I agree, a lot of people would be the same they would buy one but unless it was really great value and great beer you proberbly wouldn't buy them too regularly. I am not sure if Scotty there is really concerned too much with mass distribution.


----------



## Pollux (2/8/09)

[quote name='Rack'EmUp' post='499829' date='Aug 1 2009, 09:52 PM']Congratulations - your a pisshead. :lol:[/quote]

It took some effort but I got there.....Learnt the had way they can't be resealed.


----------



## rackemup (2/8/09)

glaab said:


> pfbbbbt, 10 hours?, maybe it evapourated :unsure:




lol  , i'm sure you could knock one of those down in a few hours, eh?


----------



## discoloop (2/8/09)

My biggest problem with those mini-kegs is the math. 

$25 mini keg is a pretty good deal. I usually see them for at least $30. At that price they're $6 per litre.

You often see Bitburger for $40 per case, which comes to just over $5/L


----------



## Batz (2/8/09)

Batz


----------



## Zwickel (2/8/09)

for those "beginner" who cannot drink one party keg in one night  there is a draft system driven by CO2, one can keep the keg for many days after first use.

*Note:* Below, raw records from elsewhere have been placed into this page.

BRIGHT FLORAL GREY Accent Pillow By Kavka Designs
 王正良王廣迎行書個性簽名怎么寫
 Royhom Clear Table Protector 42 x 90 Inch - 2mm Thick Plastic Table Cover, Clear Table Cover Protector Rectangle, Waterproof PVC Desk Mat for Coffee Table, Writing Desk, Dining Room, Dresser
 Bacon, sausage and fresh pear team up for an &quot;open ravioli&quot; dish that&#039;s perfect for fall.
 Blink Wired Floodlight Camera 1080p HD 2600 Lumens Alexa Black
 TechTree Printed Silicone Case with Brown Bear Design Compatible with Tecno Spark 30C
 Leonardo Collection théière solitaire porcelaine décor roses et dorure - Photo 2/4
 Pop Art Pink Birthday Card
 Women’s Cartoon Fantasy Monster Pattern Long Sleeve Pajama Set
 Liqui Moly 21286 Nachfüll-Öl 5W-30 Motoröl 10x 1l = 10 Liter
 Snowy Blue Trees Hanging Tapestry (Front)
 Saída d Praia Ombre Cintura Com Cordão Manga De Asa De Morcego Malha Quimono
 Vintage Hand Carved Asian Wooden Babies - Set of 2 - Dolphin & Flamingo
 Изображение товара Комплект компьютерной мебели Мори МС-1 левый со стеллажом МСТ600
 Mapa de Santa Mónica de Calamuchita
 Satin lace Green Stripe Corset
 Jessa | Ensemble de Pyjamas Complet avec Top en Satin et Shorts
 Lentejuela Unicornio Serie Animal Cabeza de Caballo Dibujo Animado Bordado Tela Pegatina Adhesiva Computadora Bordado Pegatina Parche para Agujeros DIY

Just for example: http://www.homebrewadventures.com/shopping...ct_Code=PK-TPST


Cheers :icon_chickcheers:


----------



## Online Brewing Supplies (2/8/09)

Zwickel said:


> for those "beginner" who cannot drink one party keg in one night  there is a draft system driven by CO2, one can keep the keg for many days after first use.
> 
> Just for example: http://www.homebrewadventures.com/shopping...ct_Code=PK-TPST
> 
> ...


Next time I see you we will cut our drinking down to a little 5L keg each ! :icon_cheers: 
Prost GB


----------



## Bribie G (2/8/09)

Isn't there a micro in Northern / Central NSW that does returnable little kegs for the locals.. Port Mac or thereabouts? Warra are you reading this?


----------



## Jez (2/8/09)

Northern Rivers Brewing at Alstonville NSW used to do 9L minikegs I think. They looked like the cornelius-style party keg with a tap added on top.

Jez


----------